Verantwoord beleid is geen stilstand
Op de gemeenteraad liet schepen Nadia Staes (Stip+) uitschijnen dat het vorige bestuur “niets besliste” over BOA. Een gratuite uitspraak. “In verkiezingsjaren geldt er, terecht, een oproep tot bestuurlijke omzichtigheid. De omzendbrief van de Vlaamse regering is daarin helder: geen grote beleidsbeslissingen in de laatste maanden van een legislatuur. Dat is geen stilstand, maar behoorlijk bestuur”, stelt Van Essche.
“Bovendien werd het nieuwe BOA-decreet pas in februari 2025 definitief vastgelegd. We hadden wel degelijk scenario’s voorbereid.

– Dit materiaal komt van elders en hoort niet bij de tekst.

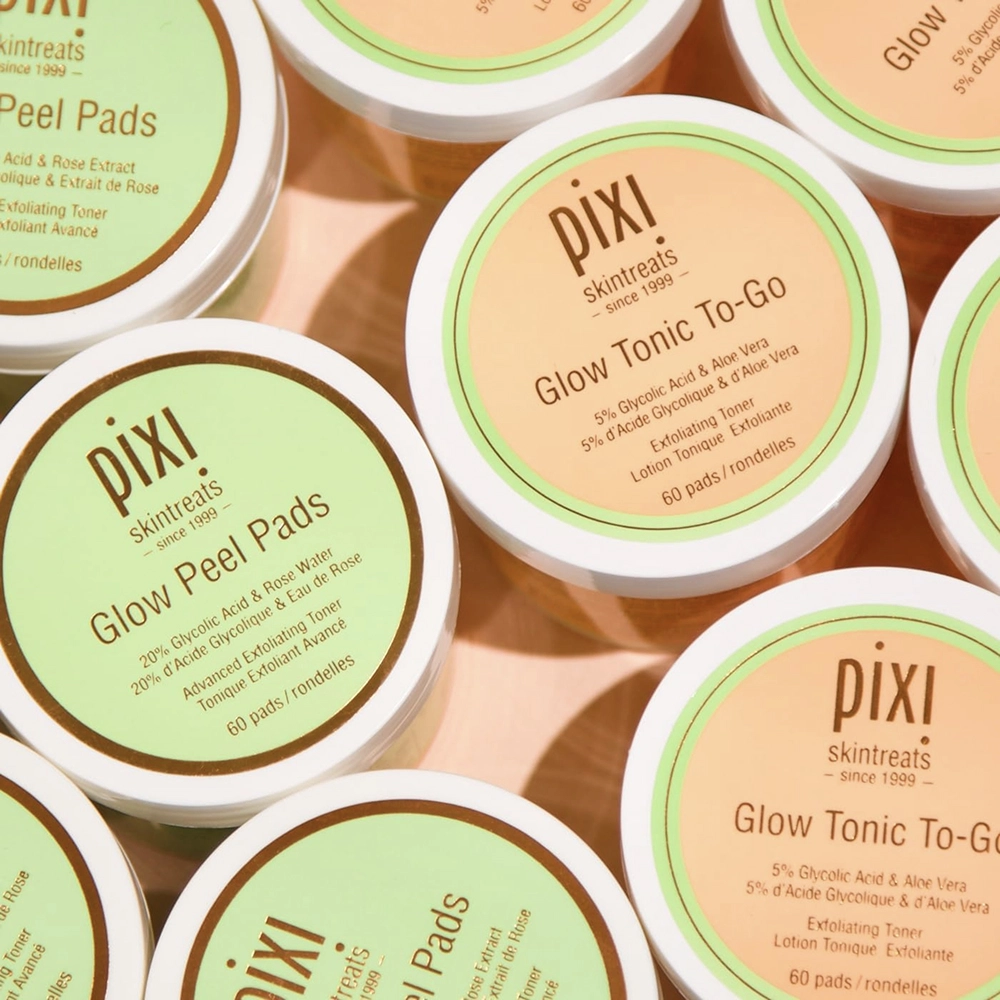 Очищающие пилинг-диски с гликолевой кислотой Glow Peel Pads PIXI — фото 6
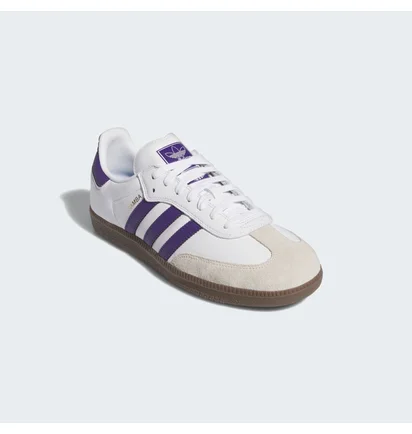 Кроссовки мужские Adidas Samba Adv Shoes White IE6613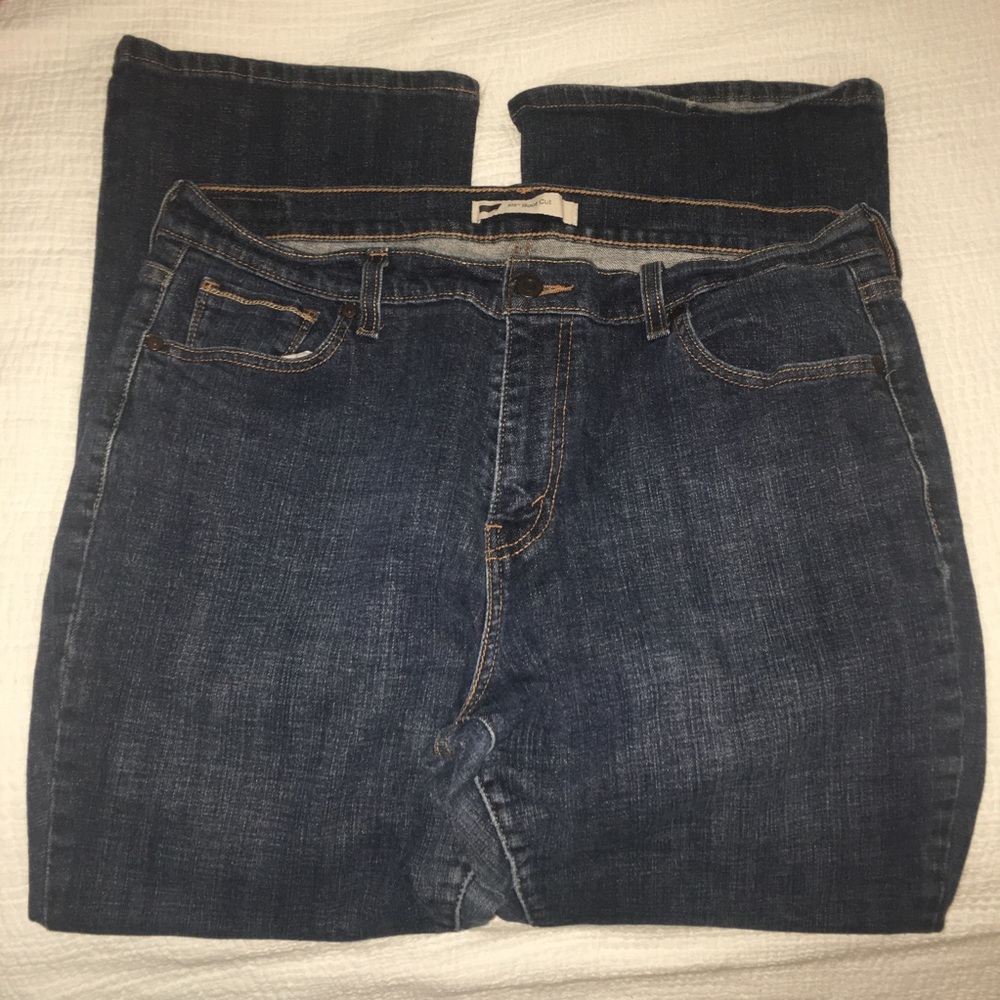 515 Levi’s boot cut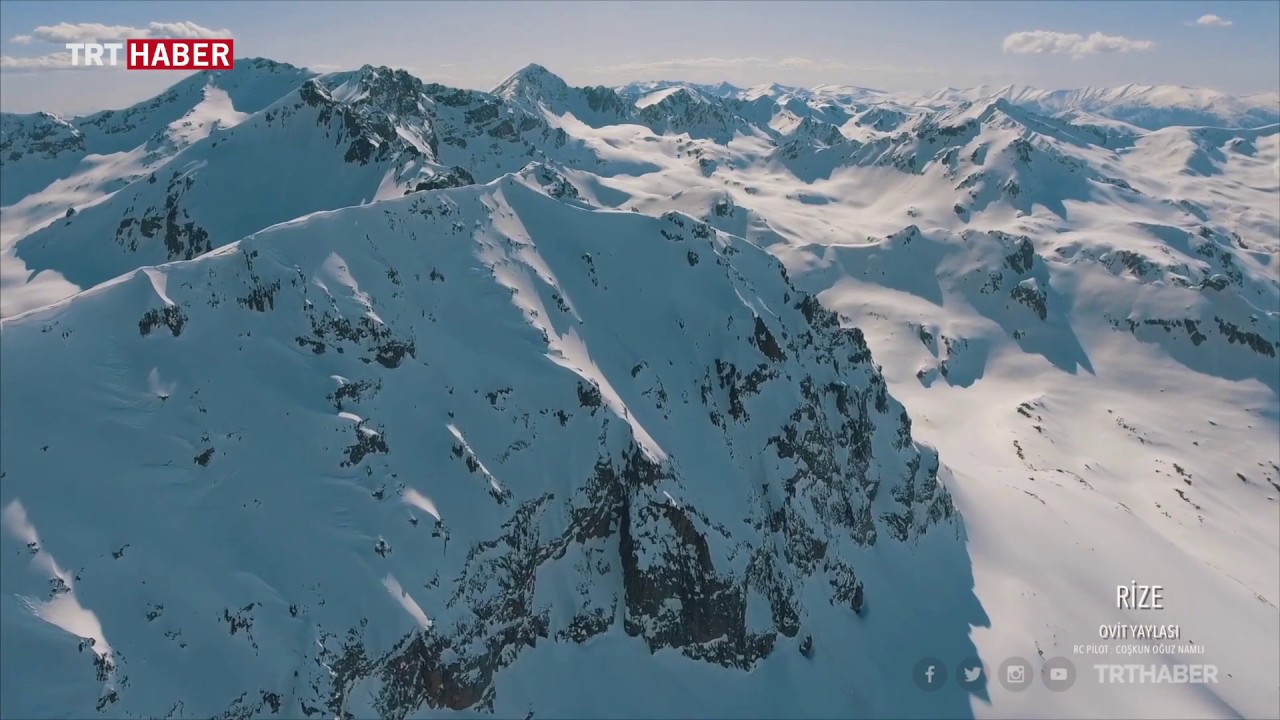 36 drone pilotu Türkiye’nin dört bir yanındaki 36 dağı havadan görüntüledi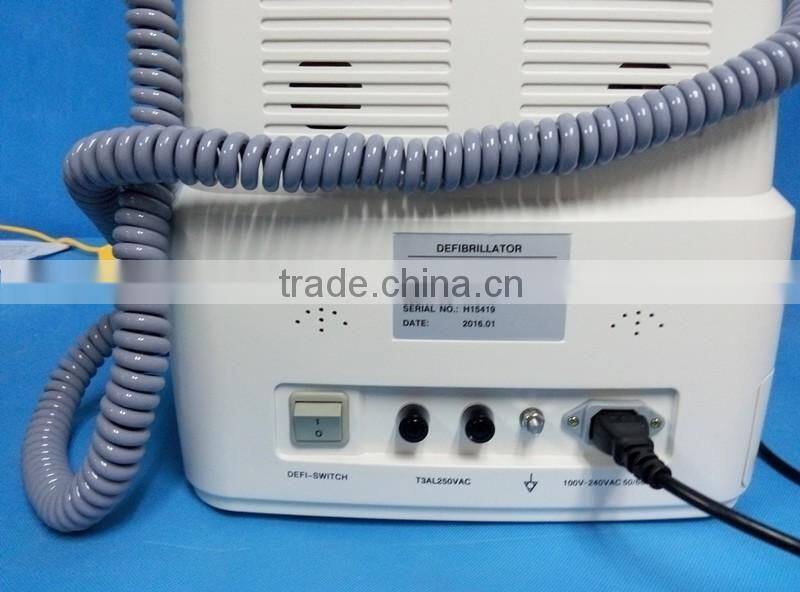 MSL-9000A-i CE approved medical emergecy monophasic defibrillator price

Maar logischerwijze gingen die uit van een daling van de middelen. Dat het bestuur dankzij een stijging van die middelen andere keuzes kan maken, is net de essentie van politiek. Wanneer de financiering verandert, moet je bijschakelen.”
Dankzij sterke netwerken
De huidige meerderheid doet er goed aan te erkennen dat dit succes er kwam dankzij een breed netwerk van betrokken partners – van lokale besturen tot middenveld, van administratie tot politiek. Cd&v speelde daarin een verbindende rol, met een consequente focus op gezinnen, welzijn en samenwerking.
In plaats van te schieten op het vorige bestuur, zou het stadsbestuur er beter aan doen om die samenwerking te erkennen en te versterken. Want dit dossier toont aan wat mogelijk is als lokale en Vlaamse niveaus samenwerken in plaats van tegenover elkaar te staan. Izegem is geen eiland. Hopelijk plukt de stad daar ook in andere dossiers nog de vruchten van.
Het BOA-dossier mag geen excuus zijn voor partijpolitieke spelletjes. “De middelen zijn er. De nood is er. De verwachtingen ook. Het is aan het stadsbestuur om die middelen met visie én samenwerking te benutten. Zo maken we van deze kans een blijvend verschil voor onze gezinnen en hun kinderen”, besluit Ann Van Essche.
Cd&v blijft zich inzetten voor beleid dat vertrekt vanuit de leefwereld van gezinnen, dat kansen geeft aan elk kind, en dat het resultaat is van samenwerking in plaats van profilering. Dis dossier is een uitnodiging om die lijn ook in Izegem door te trekken.